Yushchenko's acne points to dioxin poisoning
But experts challenge diagnosis that relies on snapshots of politician.
As disputed presidential election results provoke protests in Kiev, a British toxicologist is supporting candidate Viktor Yushchenko's claim that he was poisoned earlier in the campaign.
Yushchenko, the leader of the opposition, was hospitalized with a mystery illness in September and later claimed that he had been poisoned by the government.
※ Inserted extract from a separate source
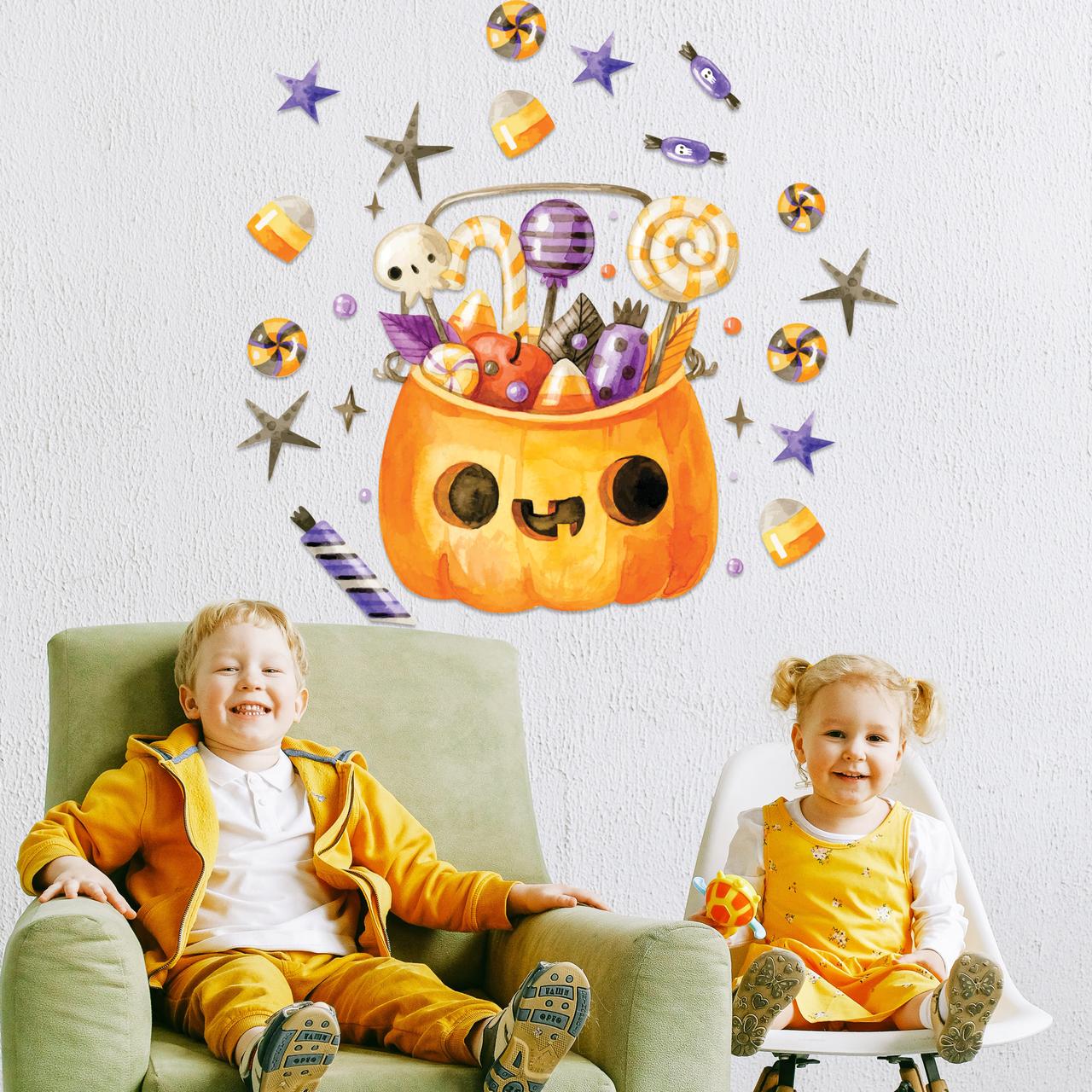 Декор для Хелловіна Наклейки Кошик солодощів матова (для вікон стін хеллоуин гарбуз цукерки) Набір М, фото 1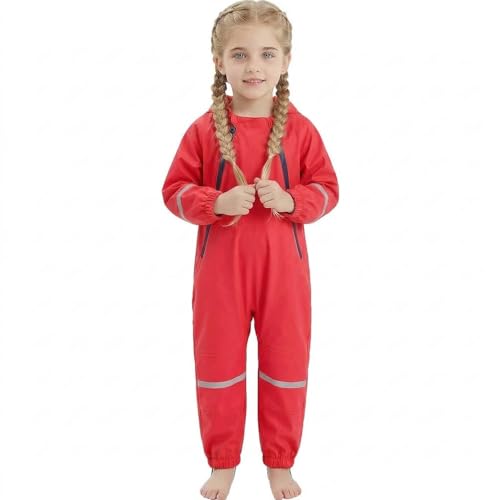 Image of Red Raincoat for Kids Boys Girls Waterproof Windproof Lightweight Kids Rain Suit Coat All in One Dry Suit Puddle Unisex Drip Drop Hooded Raincoat Reflective Striped Outdoors 1-8 years Size 2 Years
However, the Austrian doctors who treated him denied having found any evidence of this.
John Henry, a clinical toxicologist at St Mary's Hospital, London, and a consultant for Britain's National Poisons Information Service, points out that current photos of Yushchenko's face show a dramatic transformation compared with a few months ago.
He says that Yushchenko's disfiguring acne is almost certainly 'chloracne', a characteristic symptom of dioxin poisoning.
Dioxins are a group of chlorinated organic molecules. They are long-lived and form as a by-product of many industrial processes, such as waste incineration.
Exposure to dioxins is known to increase the risk of cancer and can cause severe reproductive and developmental problems.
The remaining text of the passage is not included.